Thanks for the feedback! I can't seem to find anything recent regarding PPG Flex n' Flat (or any other variations of this name). Nothing on the PPG website. If a link does show up, it's often to a many years old RC thread, a store with "no stock" or dead web pages listed as "under construction." Was this discontinued or does it go by a new name?

My Perfect Color is about $19/11oz spray can plus a batch processing fee of $29.99. Or $83/half-pint, no batch fee. A quart of dark sea blue and half-pint of insignia white would be more than enough, I'm sure. I will contact them with an estimate of surface area to cover, to see if they have a recommendation on number of spray cans needed. Spray cans sounds easier, but they have a warning indicating that color variation is more likely in small batches - so if I don't order enough the first time, the second order is likely to be a bit different.

I found a better picture, IMO, of the rear tail cone.
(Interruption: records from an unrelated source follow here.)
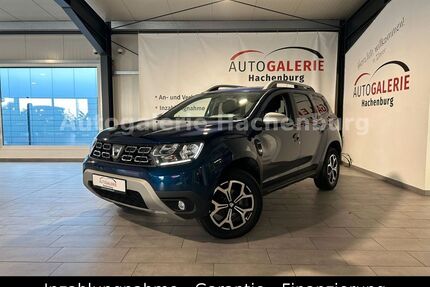 Dacia Duster Gebrauchtwagen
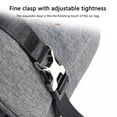 thumbnail image 5 of FNNMNNR Bicycle Bag Riding Front Package Multi-Function One-shoulder Diagonal Handle Backpack Bicycle Bag, 5 of 5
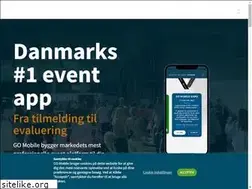 Sites similar to go-mobile.dk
This view, which I brightened, clearly shows that the rear tail cone slides in/under the sheet metal in front of it. Also, the sheet metal in front of the rear tail cone appears to be quite a bit thicker than used for the other panels. This view also picks up some rivet details between the fuse and the underside of the rudder. Off to tape and paint the last overlap joint!


I think this shows the tail cone slid into the rear fuse forming an overlap joint. Comparing the 45 degree panel line with vertical lines further up the fuse, this panel appears to be quite a bit thicker.